The title is of course a reference to John Milton’s epic poem of the same name, perhaps showing that what Inal Bilsel is trying to achieve with this piece is his own futuristic interpretation of ‘Paradise Lost’; a poem exploring ideas of religion, temptation, worship, good and evil, amongst other themes.
The opening description talks of a “clandestine company SimEX” whose “simulated reality machines exploit the desire to escape the gloomy existence of the post-war” and which are “highly addictive brain-mangling devices”. Almost sounding like something out of Charlie Brooker’s Black Mirror series which explores ideas of how modern technology may be used or abused in the often dystopic future, acting as warnings but also as reflections of the world we already live in. Would it be too much of a stretch of the imagination to compare the highly addictive simulated reality machines of Bilsel’s ‘Paradise Lost’ to our current mass use of highly addictive social media where we escape the world around us through mindless Facebook scrolling or constructing selective - almost imaginary - online personas for ourselves? All whilst the world around us continues to be plagued by war, inequality, climate change and for the first time since the Cold War, very real threats and anxieties of the use of nuclear weapons. Maybe a bit of a stretch of the imagination or maybe not. Anyway, back to the music.
Over the course of the album, which spans twenty tracks, the music drifts between a real variety of different sounds and atmospheres, at times interspersed with fragments of cinematic speech and glitchy recordings which really add to the dream-like quality of the experience and help to guide the listener through the loose narrative of the story.
‘Mesaoria By Dawn’ almost sounds like a deliberate ode to the music of Vangelis and in particular his brilliant soundtrack to the original Blade Runner film, with a similar ethereal ambience and use of a gliding lead synth. ‘Memory Initialized’ develops on this, starting off in ways very much resembling Radiohead’s ‘All I Need’ with its instrumentation and uneasy use of melody, but then veering towards a more psychedelic rock influenced crescendo that leads beautifully into the soothing jazz sounds of ‘Long Lost’. Tracks like ‘Wait For Me’ again contain the use of warm jazz keys but effortlessly combine them with influences and sounds from rock and more classically orchestral music.

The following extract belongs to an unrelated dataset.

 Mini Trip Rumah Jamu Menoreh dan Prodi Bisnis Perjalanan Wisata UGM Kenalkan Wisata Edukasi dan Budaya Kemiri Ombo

A lot of the music at times reminds me of the 70s music of Italian soundtrack and library music composer Piero Umiliani, who experimented with a wide variety of different instrumentation and influences that often included jazz and funk as a backbone.
‘Dropout’ acts as an ambient interlude that almost serves to jostle the listener out of their dream with its unnerving atmosphere and use of glitch effects before dropping back into what has got to be one of my personal favourites, ‘Off The Beat’, with its laidback jazzy groove and vocals that are reminiscent of Damon Albarn’s Gorillaz project.
All in all, ‘Paradise Lost’ is a very accomplished and inventive album that serves as a great cinematic journey, managing to effortlessly weave together so many different influences and drift in different directions, whilst maintaining a real sense of wonder and interest as to what is around the next corner. Like all good albums, this needs to be listened to in full and deserves repeated listens - with its various layers of detail surely making this a world I’ll be looking forward to revisiting again and again.